Совершенно естественно, если это хроническое накопление успехов и ими же порождаемых трудностей должно было, вместе с ростом тревоги, вызывать обострение империалистических противоречий и оценок отдельных капиталистических и правительственных клик. Вот объективная основа того кризиса, который чрезвычайно обострился в самом лагере правящих и нашел недавно свое частное, но не случайное выражение в отставке адмирала Тирпица,[118] воплощавшего в тесном правительственном кругу самые крайние антибритански-империалистические претензии. На языке придворно-бюрократических интриг это означает «победу» канцлера Бетман-Гольвега, политика которого сводится к выжидательному эмпирическому приспособлению к меняющейся военной ситуации. Если влиятельный кельнский орган тоскует по государственном человеке с «идеалом», то Бетман, отражая своей политикой то, что есть после двадцати месяцев бойни, представляет собою воплощенное отрицание «идеала», т.-е. определенного империалистического плана.

Внутренний кризис в среде правящих углубляется ростом недовольства в среде управляемых, – разумеется, только для того, чтобы уступить место единству эксплуататоров в тот момент, когда недовольство эксплуатируемых превратится в революционное наступление…

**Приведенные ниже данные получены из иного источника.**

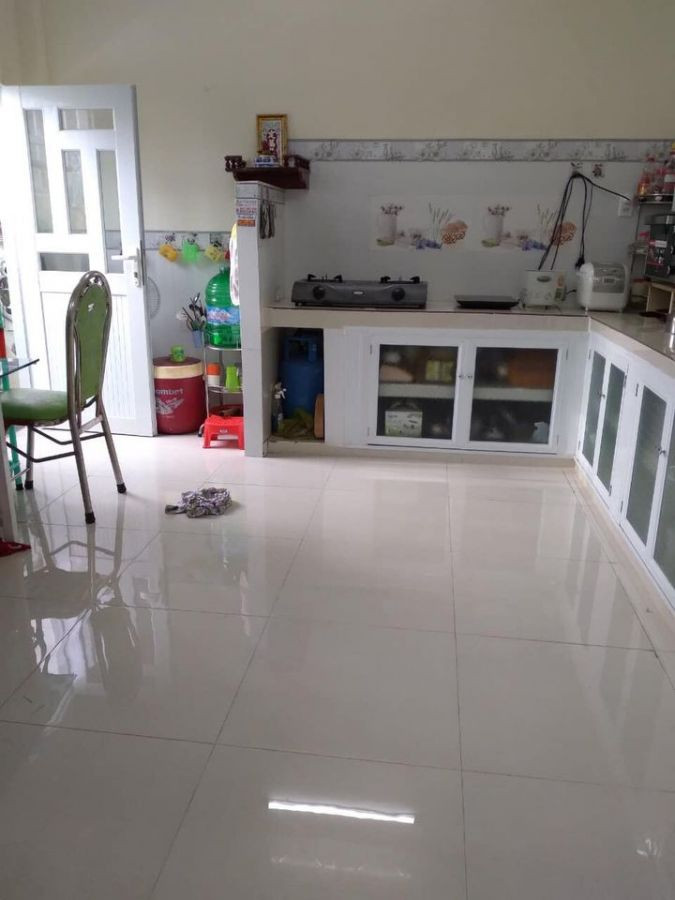 Nhà Hẻm 889 Nguyễn Trung Trực. Nhà Cách đường Nguyễn Trung Trực khoảng 200m.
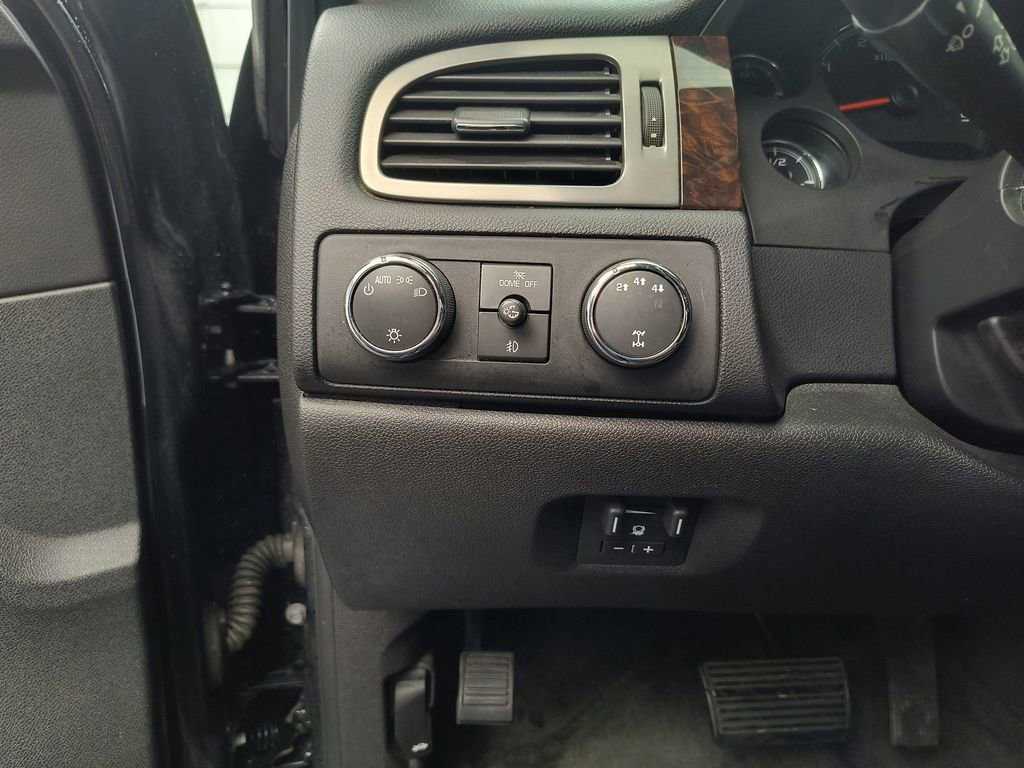 Used 2012 GMC Sierra 3500 Denali image 26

Но сейчас атмосфера нервности и неуверенности царит в имперском рейхстаге и в прусском ландтаге. Уставшие от войны Зюдекумы трусливо и подобострастно жмутся к канцлеру, в империалистическом поссибилизме которого они усматривают линию наименьшего сопротивления – для правящих и для себя, – и в последнем заседании рейхстага социал-патриоты снова спасли своего «антианнексионного» Бетмана. Наоборот, для левого крыла, политически питающегося непрерывно нарастающими настроениями рабочих масс, тревога и неуверенность правящих создают как нельзя более благоприятную обстановку. В стенах ландтага, этой твердыни немецкого юнкерства, Карл Либкнехт,[119] как телеграфирует сам Гавас{8}, «призвал сражающихся в траншеях направить свое оружие против общих врагов милитаризма и капитализма». Рабочие Эссена, города Круппа,[120] откуда рассылаются на все фронты адские машины истребления, присоединяются – через своих представителей – к оппозиции. Если сегодня на голос Либкнехта откликаются те, которые делают пушки и снаряды, завтра отзовутся те, которые приводят их в движение. Тогда развязка всех нагроможденных противоречий пойдет вперед семимильными шагами, и рабочие массы Германии – не одной Германии – найдут идеал для своей собственной войны.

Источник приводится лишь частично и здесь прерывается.